Stream: Mirror: Isabelle Users Mailing List

Topic: [isabelle] 16‑inch MacBook Pro


view this post on Zulip Email Gateway (Aug 23 2020 at 11:00):

From: Lawrence Paulson <lp15@cam.ac.uk>
Having lost the use of the workstation in my office, I’m wondering about getting a really powerful laptop for working at home. Does anybody have experience with the 16‑inch MacBook Pro? Any advice on the choice between i7 (6 core) and i9 (8 core) processors? The latter cost more but the single-core processor speed is actually less.

Larry

view this post on Zulip Email Gateway (Aug 23 2020 at 19:32):

From: Alessandro Coglio <coglio@kestrel.edu>
[Sharing this with the mailing list, as suggested by Larry, and with some added text about RAM.]

I’ve had that laptop since December and I’m happy with it. The current model may be even slightly better than that first model.

I got the maximum configuration, which was expensive, but worth it in my opinion. (However, if you don’t need 8 TB of disk but can do with 4 TB, you can save quite a bit).

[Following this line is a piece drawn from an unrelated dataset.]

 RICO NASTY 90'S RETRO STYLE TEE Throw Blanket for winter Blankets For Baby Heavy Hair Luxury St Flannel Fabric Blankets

I don’t have figures to compare 6-core vs. 8-core, but I went for the 8-core because higher parallelism seems generally more useful than higher single-core speed, particularly for Isabelle’s parallel processing in the IDE (which may be a major use case of yours).

I definitely recommend the max 64 GiB memory. I tend to keep a lot of apps open, including IDEs, and memory fills up quickly for me. Unfortunately I haven’t had a chance to use Isabelle much lately, but perhaps others on this mailing list have figures about the memory used by large Isabelle projects — macOS’s Activity Monitor shows that (as everybody probably already knows).

Graphics is good too. At the desk, I use both the laptop screen at its full resolution (aside: you need an app to use full resolution, if you want to pack a lot of information on the screen and can see well the small font/features) and a 4k monitor. The laptop can drive even more than that (the tech specs should specify that). I use macOS virtual desktops a lot, and the swiping/switching is quick and responsive; it gets perhaps just slightly slower when I start having 20 or more such virtual desktops, but still very usable.

The keyboard is a lot better than the previous kind. I had to change two MacBooks in the past few years due to malfunctioning keys.

This may or may not be of interest, but the built-in speakers sound quite good for their size, even better than the predecessors.

And the device is remarkably thin and portable, especially considering its capabilities.